95% Is No Coincidence

I absolutely loved this story. From Fortune via Yahoo Sheryl Estrada reports on an MIT study that found that 5% of generative AI pilots at companies are failing:

Good morning. Companies are betting on AI—yet nearly all enterprise pilots are stuck at the starting line.

The GenAI Divide: State of AI in Business 2025, a new report published by MIT’s NANDA initiative, reveals that while generative AI holds promise for enterprises, most initiatives to drive rapid revenue growth are falling flat.

Despite the rush to integrate powerful new models, about 5% of AI pilot programs achieve rapid revenue acceleration; the vast majority stall, delivering little to no measurable impact on P&L. The research—based on 150 interviews with leaders, a survey of 350 employees, and an analysis of 300 public AI deployments—paints a clear divide between success stories and stalled projects.

I’m still trying to access the study itself. I’ll post on it when (if) I do.

95% is a remarkably consistent outcome. Based on the article most companies are trying to implement their own gAI solutions and failing at it. From my experience that’s either due to unrealistic expectations, mismanagement, or both and I don’t find it a bit surprising. It’s very much where companies were with respect to personal computers and networking in 1990. They thought it should be improving their bottom lines but it wasn’t.

It wasn’t the Internet that changed that; it was adoption of an operating system (Windows 95) that was more-or-less stable and was Internet-ready that changed it. Of course, that transition cost a substantial amount of money.

It’s possible that today’s managers are prepared to spend a lot of money when the right gAI framework comes along but I doubt it. Judging by the reported findings of this study that’s exactly what’s happening. I think they’re a lot more likely just to lay off a lot of people in the hopes that gAI will replace them.

6 comments… add one
  • Icepick Link

    And if the gAI doesn’t work, they’ll hire a bunch on Indians.

  • steve Link

    He certainly has a point of view. I find it odd that he pays little attention to the desires of the Ukrainians and kind of cherry picks the history that he likes. He completely ignores (will admit I got bored and skimmed over last third fo the piece) the 30s-50s where the Soviets both perpetuated the famine that killed millions and directly killed another millions, deported thousands and kidnapped hundreds of thousands of Ukrainian children. Again, many of the Ukrainians deported were replaced with ethnic Russians.

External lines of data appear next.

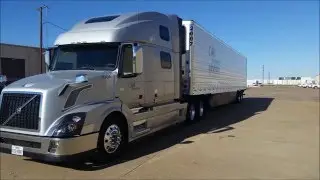 CAB Transport Inc.
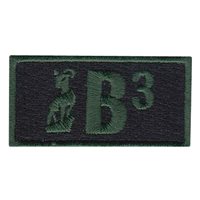 56 RS Custom Patches 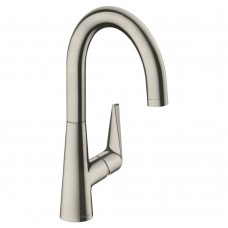 Смеситель для кухонной мойки Hansgrohe Talis M51 72814800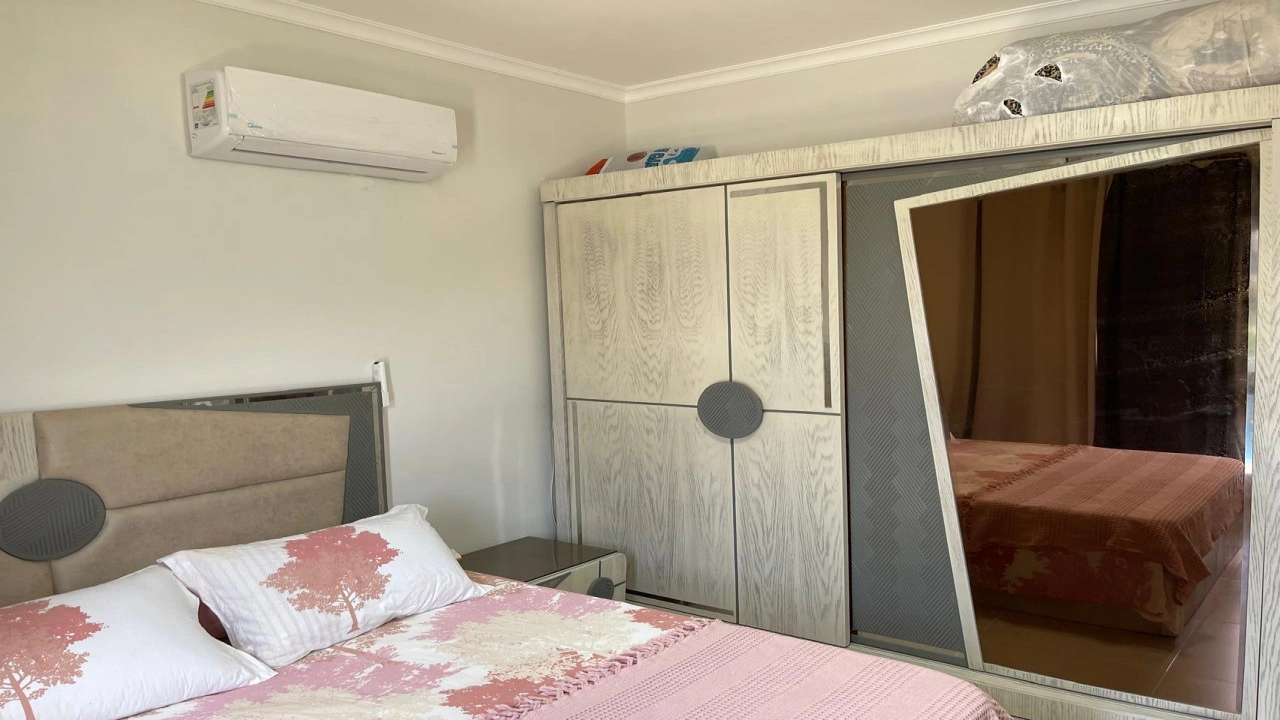 شاليه للايجار فى جايا الساحل الشمالى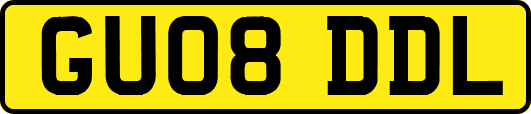 GU08DDL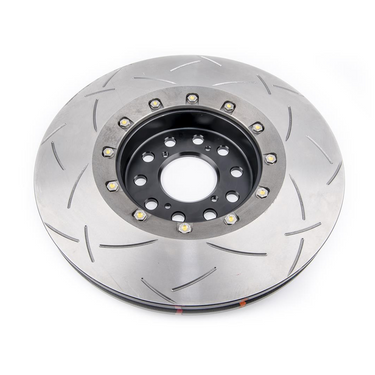 DBA 5000 Series Front Discs T3 | Honda Civic Type R | 2.0T K20C1 2015+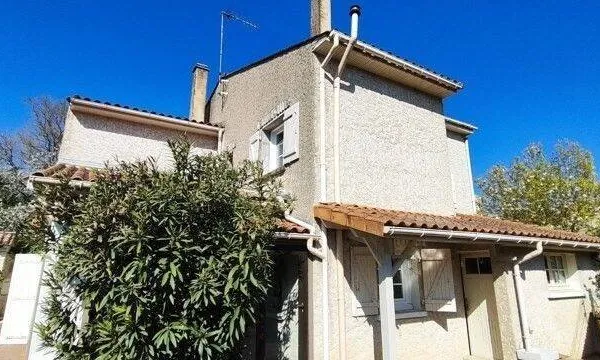 Maison 4 pièces 124 m²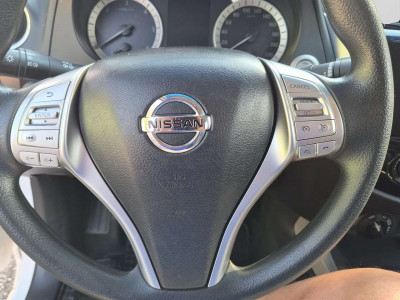 Nissan Navara Gebrauchtwagen Nissan Navara Gebrauchtwagen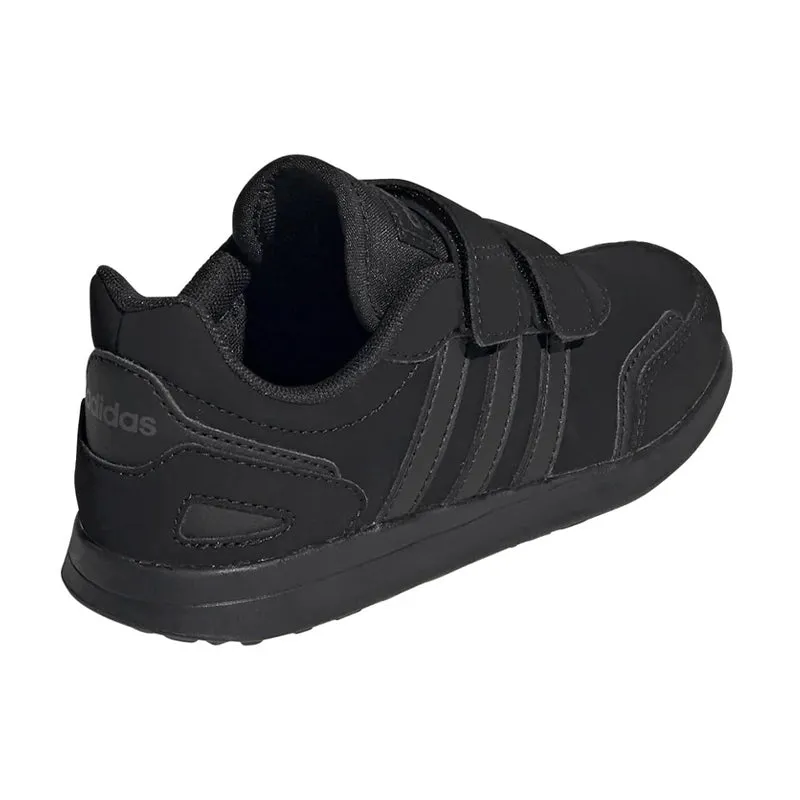 ADIDAS VS SWITCH 3 K KIDS SHOES FW9308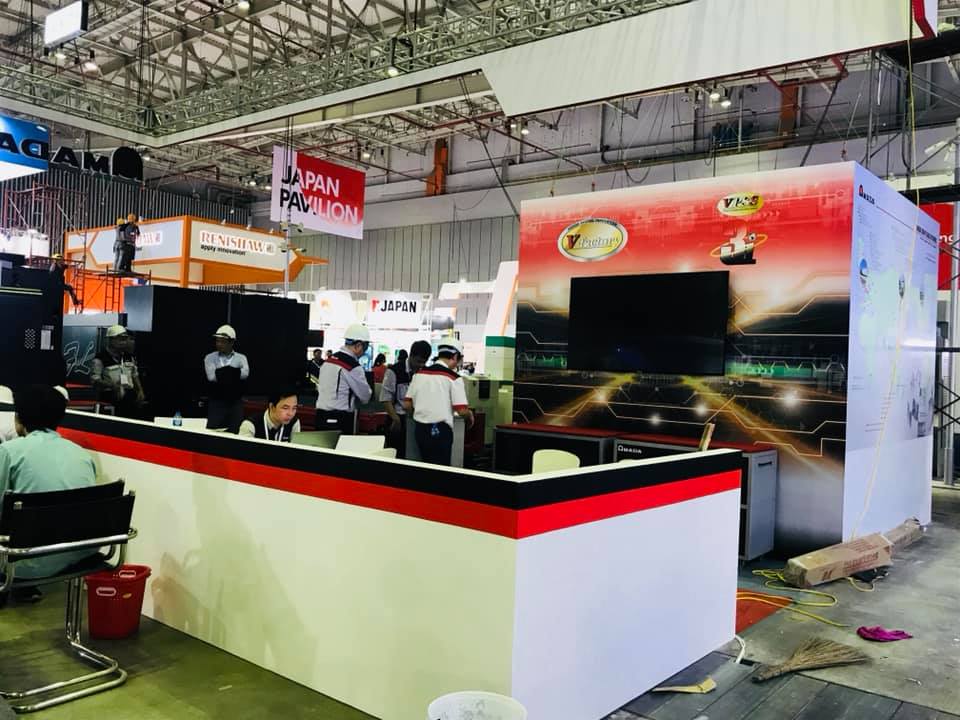 Mồi câu xịn của quảng cáo sự kiện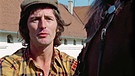 Tscharli (Günther Maria Halmer) in den Münchner Geschichten | Bild: BR/Intertel Television GmbH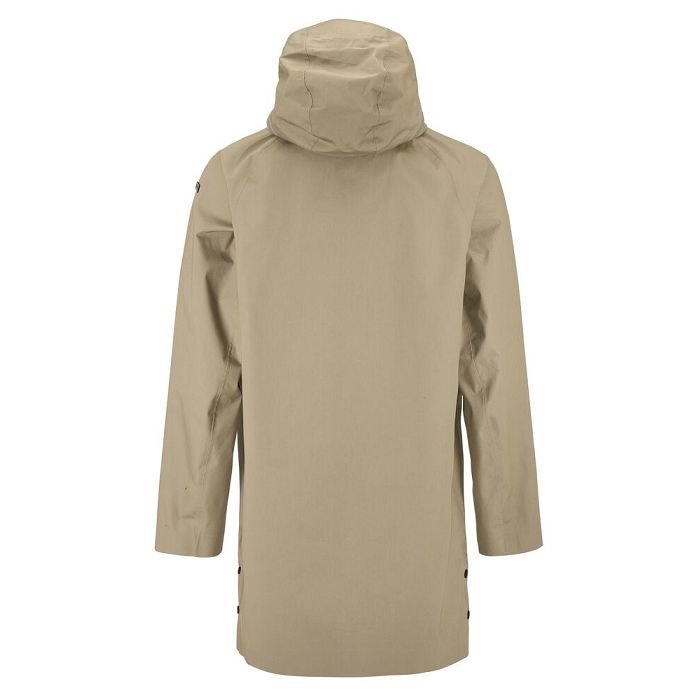  Urban Shell Coat Uni
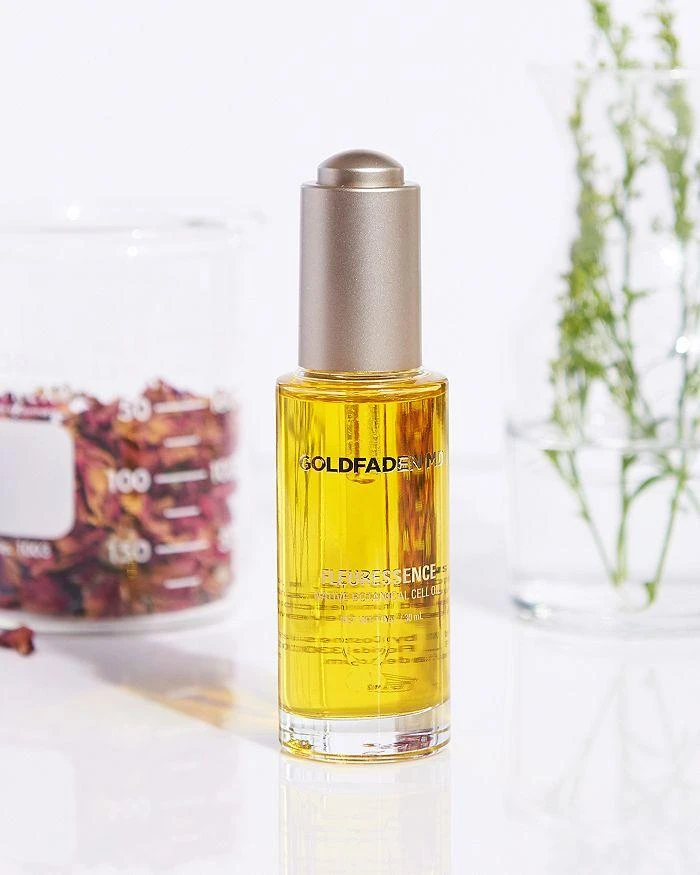 Goldfaden MD Fleuressence Native Botanical Cell Oil 6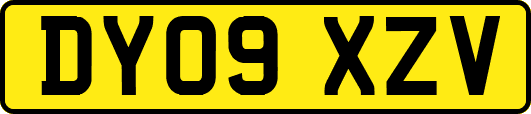 DY09XZV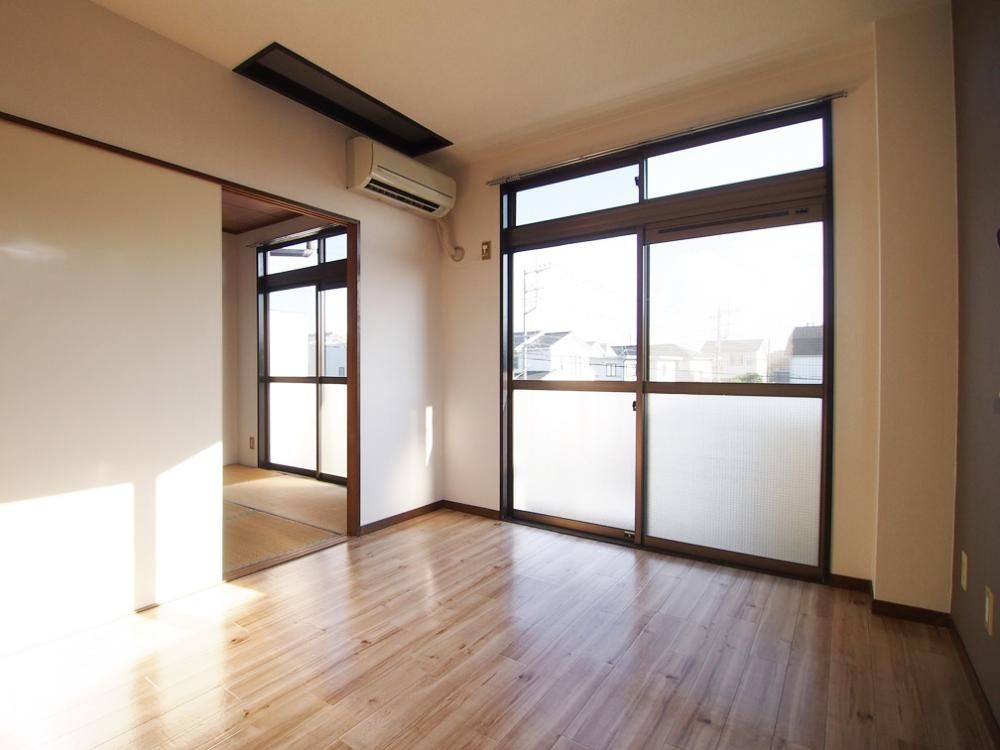 �y���ԁE���r���O�z�@6���m��
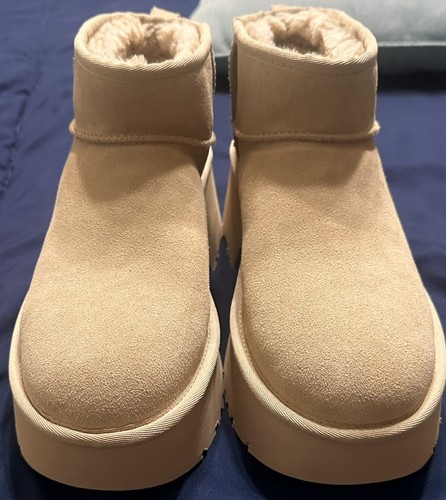 Ugg classic ultra mini new - ugg,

    Anyway, he has strong views about the attempts to bring Ukraine into NATO but prior to the Russian invasion there was never anything close to a unanimous agreement and they never even received a MAP. Note that the Bucharest summit, maybe the strongest attempt was in 2008. What was much more time adjacent were attempts in the couple of years before Russia invaded to form stronger economic ties to the EU.

    Steve

    Update

    Steve, I took the liberty of copying this comment into the “How We Got Here” thread where I think it belongs.

  • steve Link
  • steve Link

    If that doesnt work go to link at bottom of this piece and follow link. (I think maybe I mentioned that my daughter took some courses at MIT so she can usually get me access. If she cant one of her best friends and roommates is in grad school there, computer engineering of some kind related to AI. However, she is leaving and moving back to Europe as DOGE cut funding and I guess she is also now seen as a security risk. Smart kid, international math olympiad winner.

    Steve

    https://virtualizationreview.com/articles/2025/08/19/mit-report-finds-most-ai-business-investments-fail-reveals-genai-divide.aspx

  • Thanks, Steve. I’ll take a look at it.

    Both of those links give me a “404 Not Found”.

  • steve Link

    I went and looked again and now they give me 404. Must be one of those sites where you get a free look and then you have to join. I only skimmed it as it was pretty long. Didnt seem like anything earth shattering.